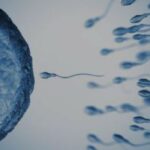Come avviene l’auto-inseminazione artificiale utilizzando i kit fai-da-te a casa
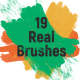19 Real Brushes - VideoHive Item for Sale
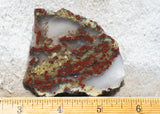 King Cobra Slab 247
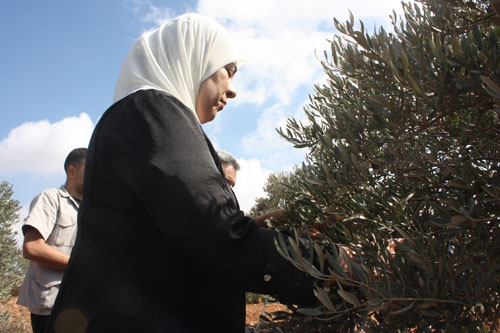 غنام: إرادة شعبنا أقوى من اعتداءات المستوطنين وبربريتهم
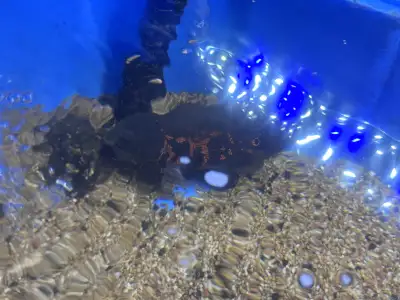 Oscar fish , View more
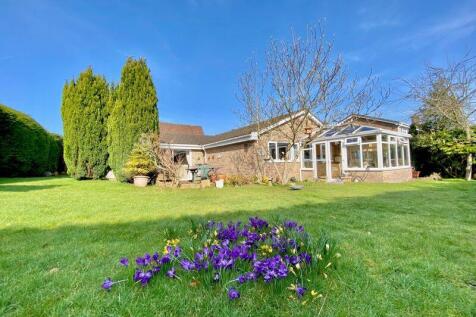 Another view of the Rear Garden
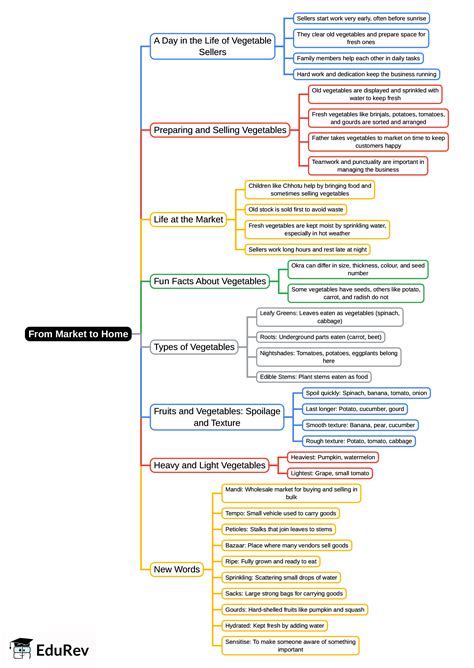 From Market to Home Mind Map - Class 4 PDF Download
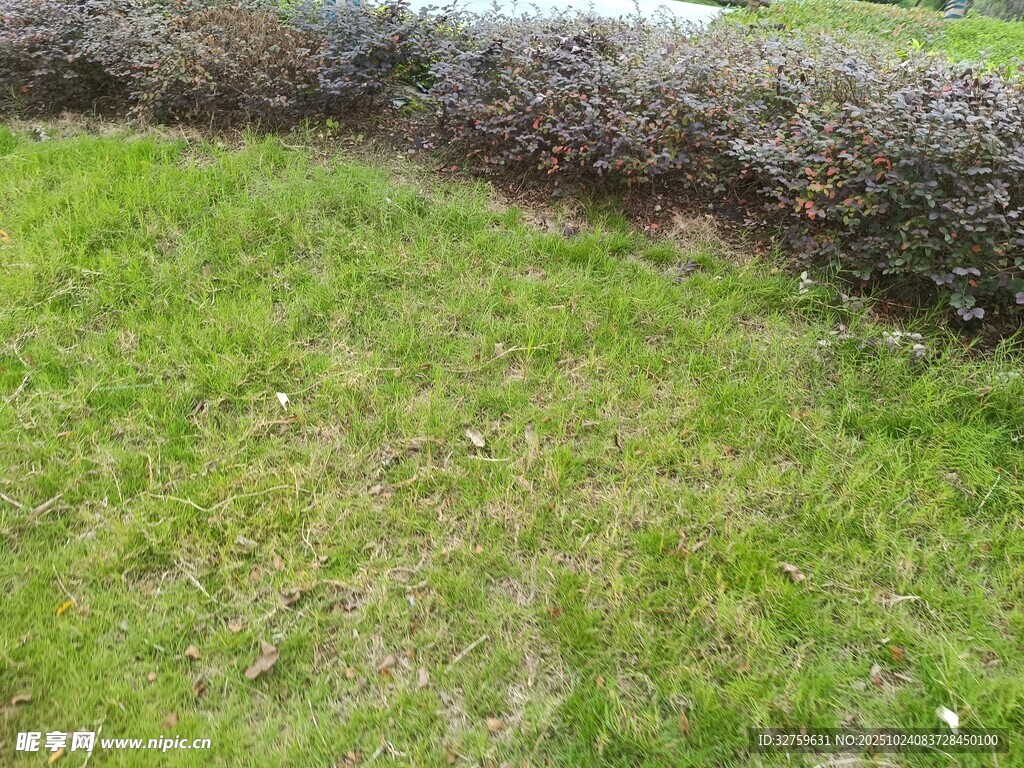 户外草地与石墙景观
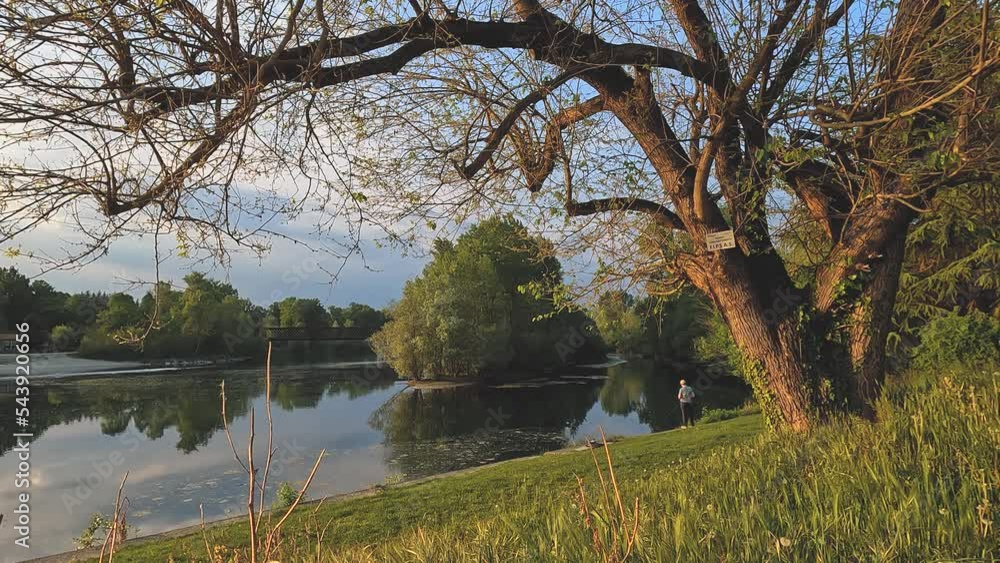 river in the woods in cloudy day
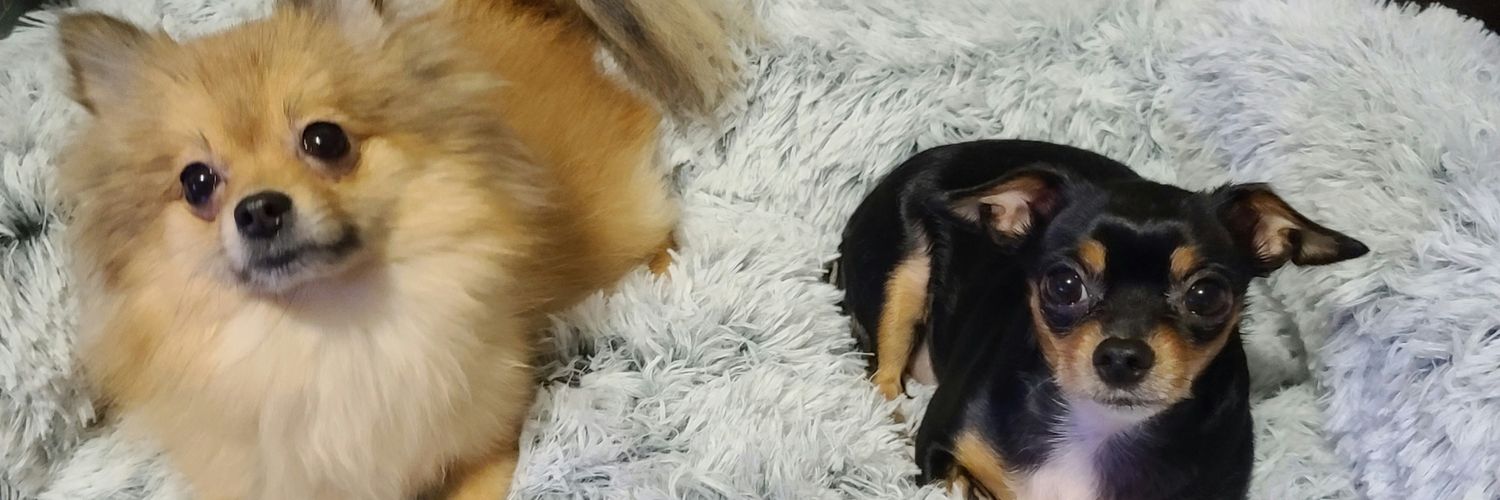 sherlyag's profile banner image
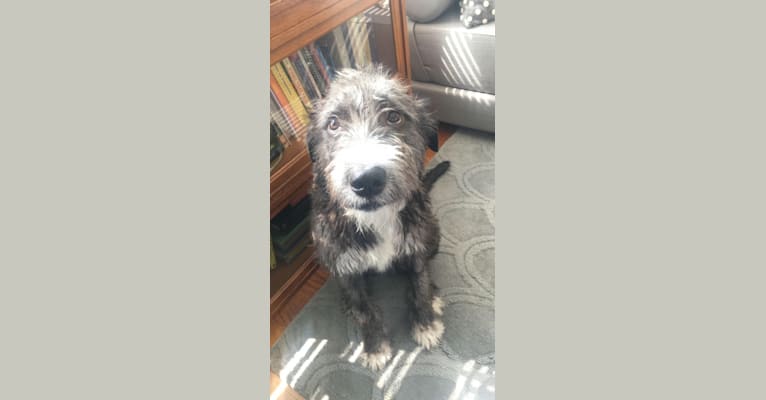 Harry, an Old English Sheepdog and American Pit Bull Terrier mix tested with EmbarkVet.com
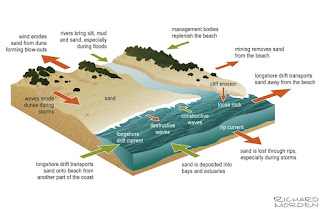 diagram of How a beach forms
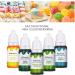 Rawisu DIY Lip Gloss Set - 12 Colorants (10ml Each) | Skin-Friendly Makeup & Jewelry Craft - Perfect Gift for Women - Buy Online on GoSupps.com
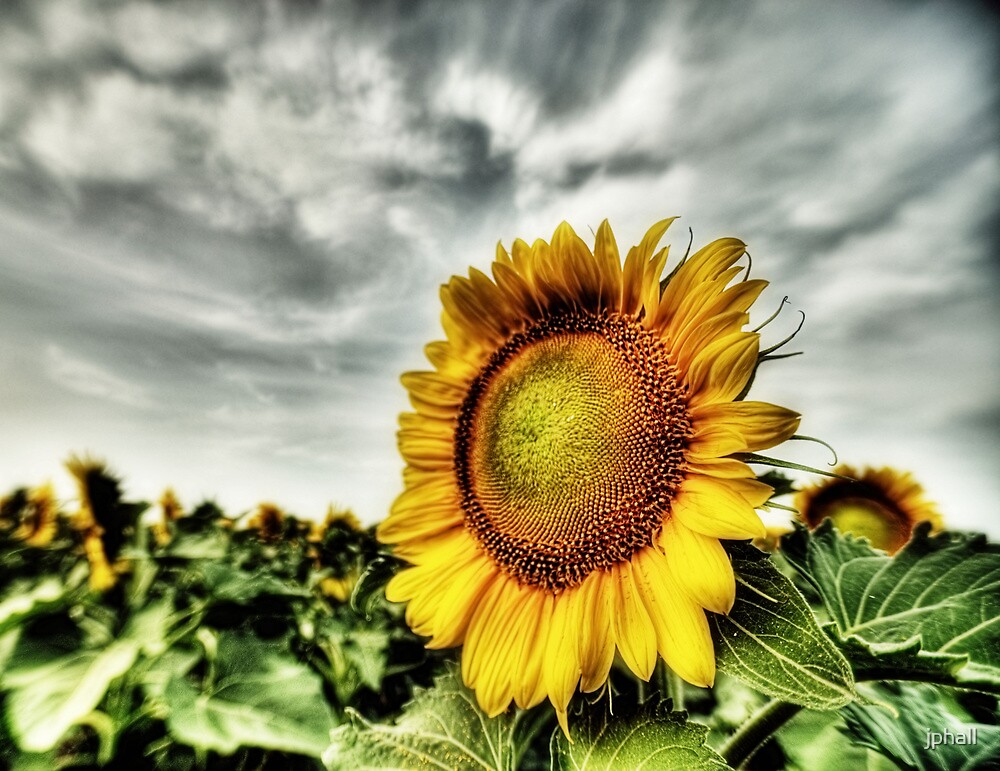 "Sunflower Field Hillsboro , Texas" by jphall Redbubble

-- Work item --
All lines above between the line that contains "Oscar fish , View more" and the last line of the entries, both included, must be transcribed exactly. No pictures are to appear.

-- Written answer --
 Oscar fish , View more
 Another view of the Rear Garden
 From Market to Home Mind Map - Class 4 PDF Download
 户外草地与石墙景观
 river in the woods in cloudy day
 sherlyag's profile banner image
 Harry, an Old English Sheepdog and American Pit Bull Terrier mix tested with EmbarkVet.com
 diagram of How a beach forms
 Rawisu DIY Lip Gloss Set - 12 Colorants (10ml Each) | Skin-Friendly Makeup & Jewelry Craft - Perfect Gift for Women - Buy Online on GoSupps.com
 "Sunflower Field Hillsboro , Texas" by jphall Redbubble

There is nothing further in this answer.